Was it my imagination, or did she become more flushed with every repetition?

Her mea non culpa may of course be true in a strictly legal sense. But "wrongdoing" covers a broader category of sins. And the bottom line is that she accepted an illegal donation.

She can - and probably will - call on the "Ah didnae ken" defence. She didn't fully understand the rules; or her campaign team didn't tell her what was going on. But try that out when you are next stopped by the police: "I'm sorry, officer, I didn't realise that this was an area with a 30 mph limit." And if she is not responsible for the conduct of her campaign, then who is? And, please, let us not pretend that all this is a technicality.

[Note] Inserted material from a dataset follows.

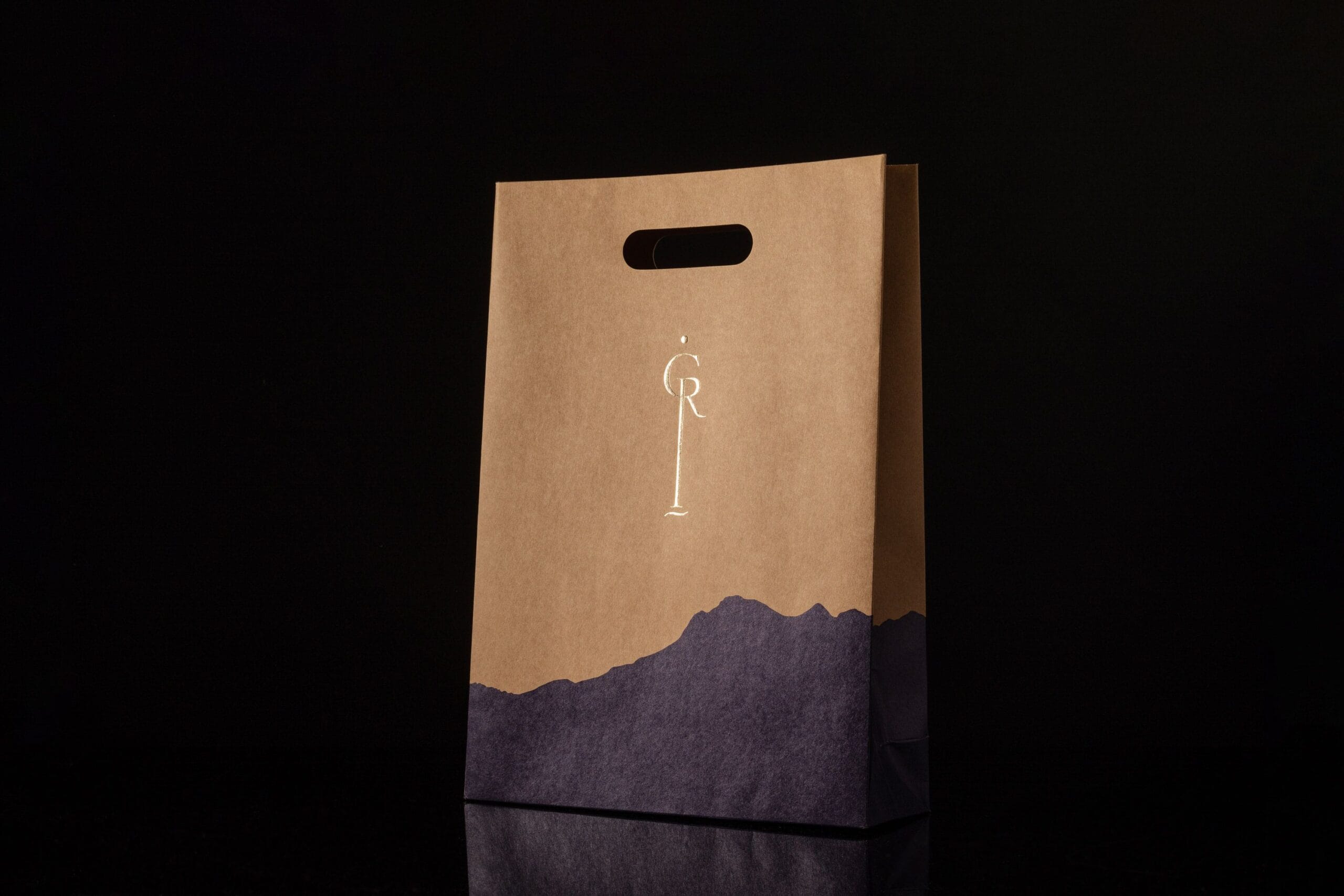 Craggy Range's Custom Paper Shopping Bags Reflect Local Heritage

But to revert to the "wrongdoing", consider these two actions by Ms Alexander:

1. she authorised - or at least allowed - a certain MSP to solicit donations on her behalf, an MSP who was either ignorant of the rules or who chose to ignore them; and

2. she put no backstop (or at least no effective backstop) in place to check that all donations were above board, a somewhat elementary precaution (one would have thought) given the prevailing circumstances.

Neither of these is in itself a crime. But nor are they examples of best practice. Do they amount to wrongdoing?

Let us see what the Electoral Commission will say later this week.